Monday, 14th Week in Ordinary Time
The gospels give ample witness to the power of faith. In the case of the woman afflicted with hemorrhages for a long time – of which today’s gospel reading talks about – Jesus identifies the real source of her healing – he says: “Your faith has saved you.”
Just as we cannot physically live without breathing oxygen, we cannot spiritually live without exercising faith. With faith, we breathe in the oxygen of God’s grace. The author of the Letter to the Hebrews tells us that without faith it is impossible to please God. For, indeed, it is faith that propels us to live in a way that is pleasing to the Lord.
Let me paraphrase what the author of the Letter to the Hebrews is saying about the necessity of faith… Without faith, you and I will never be what we were created and designed to be, and we will never be able to live as we have been called to live. Without faith, you can never be the kind of parent, spouse, child, and sibling you are meant to be. Without faith, you can never become the best Catholic Christian or parishioner… the best friend or companion or partner… the best student or learner or follower… the best doctor or lawyer or teacher or worker… the best servant-leader or mission-partner God intended you to become. Without faith, you cannot be the best person God created you to be. Without faith, we will be living in fear and we will be defeated by anxieties.

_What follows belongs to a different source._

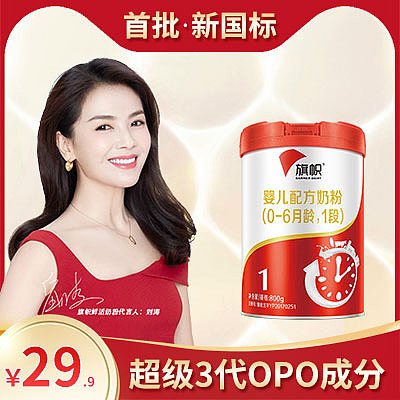 母婴童装类目 海报,钻展,车图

First, faith will not always get for us what we want, but it will get what God wants us to have. (Vance Havner) True faith disposes our hearts to receive or to accept what God wants for us. Let me put it in a more emphatic way: Faith disposes our hearts to be docile to God’s will – believing that God’s will is the best for us. It is said that as our faith increases, our prayers decrease – that is, the words of our prayers become less and less, to the point that they boil down to this prayer: “Lord, your will be done. Amen.”